What makes a legendary designer agree to a contract with a mass-production company?

Why would John Galliano decide to design for Zara?

John Galliano has just signed a two-year contract with Zara to redesign the multinational’s archives. The move, more marketing-driven than business-led, reads less like a collaboration and more like a diffusion line built on reputation.

For years, Galliano has built his value around authorship, narrative, and craftsmanship — particularly during his time at Maison Margiela. Not to mention his era at Dior, cut short by xenophobic remarks, which marked a before and after in fashion history. The Gibraltar-born designer is considered one of the greatest of our time. The real question here isn’t what Zara gains — that’s quite clear — but what Galliano gains by designing for a mass retail brand. What leads a legendary designer to accept a contract with a company built on large-scale production?

Zara doesn’t need design — it needs cultural authorship. It needs a voice within the mass conversation about what fashion is and isn’t. Zara dominates speed, distribution, and global presence. What it lacks is legitimacy within the most demanding cultural discourse. That’s where Galliano comes in. Not to make clothes, but to provide language. Because this isn’t about product — it’s about translating authorship into a system of mass consumption.

The brand is attempting to appropriate codes that have traditionally been outside its reach — customization, uniqueness, author-driven narrative — within a system built on repetition. Bad Bunny’s Super Bowl look is proof of this. A paradox in itself. Why would an established designer like Galliano want to be part of it?

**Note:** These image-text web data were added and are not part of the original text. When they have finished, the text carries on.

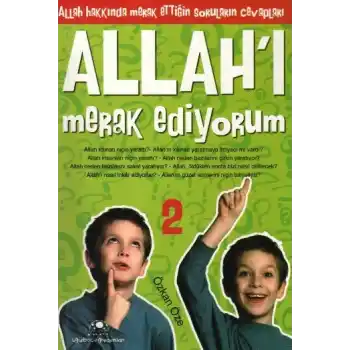 Allahı Merak Ediyorum 2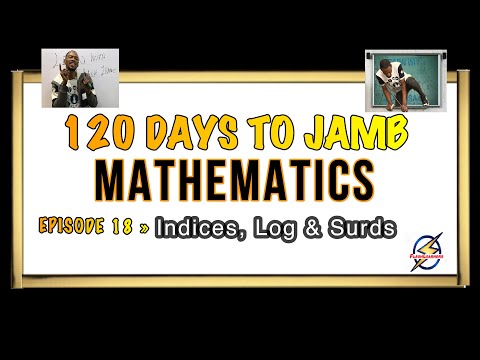 Indices, Log & Surds » 120 Days To Jamb Mathematics - Episode 18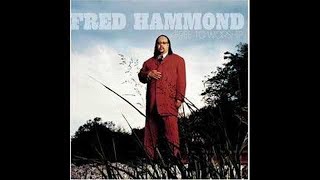 Fred Hammond - This Is the Day (lyrics)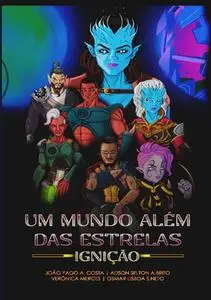 «Um Mundo Além Das Estrelas» by João Yago A. Costa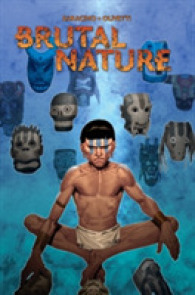 Brutal Nature, Vol. 1 (Brutal Nature) -- Paperback / softback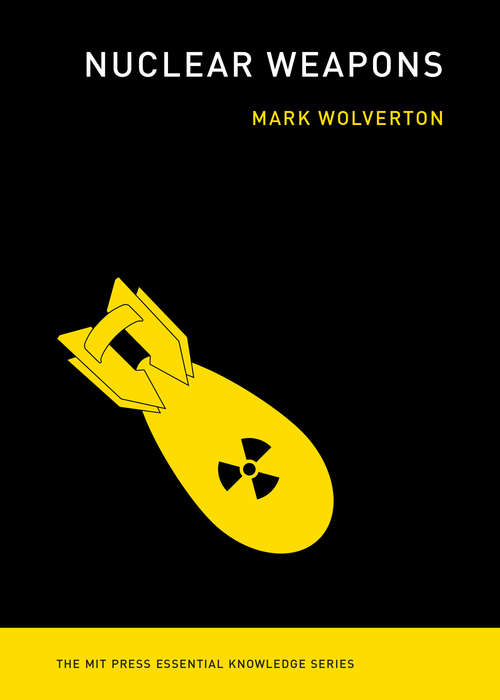 Book cover of Nuclear Weapons (The MIT Press Essential Knowledge series)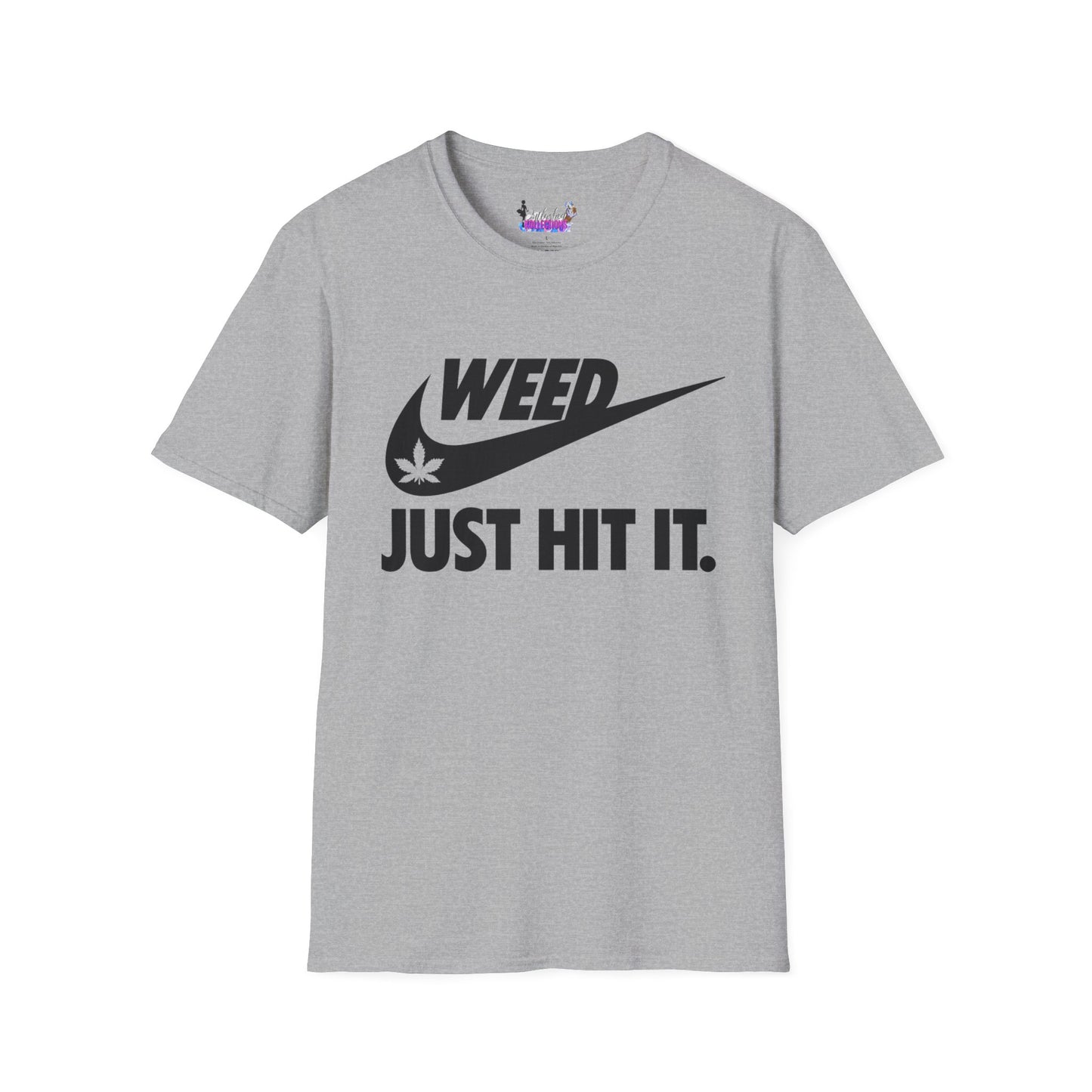 Just Hit It T-Shirt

A designer whose legacy is rooted in craftsmanship entering a system defined by mass production inevitably reads as a contradiction — if not a betrayal.

Zara knows how to speak the language of luxury, just as Gucci can reference subcultures far removed from its own reality. But ultimately, structure is what matters. And Zara’s structure is mass production. No matter how refined the narrative becomes, no matter how strong the author behind it is — scale doesn’t disappear. You can dress it up, but it doesn’t transform what it fundamentally is.

If Zara manages to introduce codes of authorship — archive, process, reconstruction — even at a higher price point, its perception shifts. It elevates. But then the question is no longer about Zara, but about the system itself. What happens when the language of luxury is no longer tied to scarcity? What happens when authorship is distributed at a large scale? What we get is not luxury, but an accessible, reproducible, amplified version of it.

I wonder if John Galliano has asked himself some of the questions that came to my mind when I first read the news:

If everything starts to look like luxury — without actually being it — then what truly holds value? Is perception enough for today’s consumer? Or are we entering a space where illusion matters more than reality? Because if what’s being offered is not exclusivity, but the feeling of it, then the question becomes: is this a form of deception, or are we all willingly participating in it?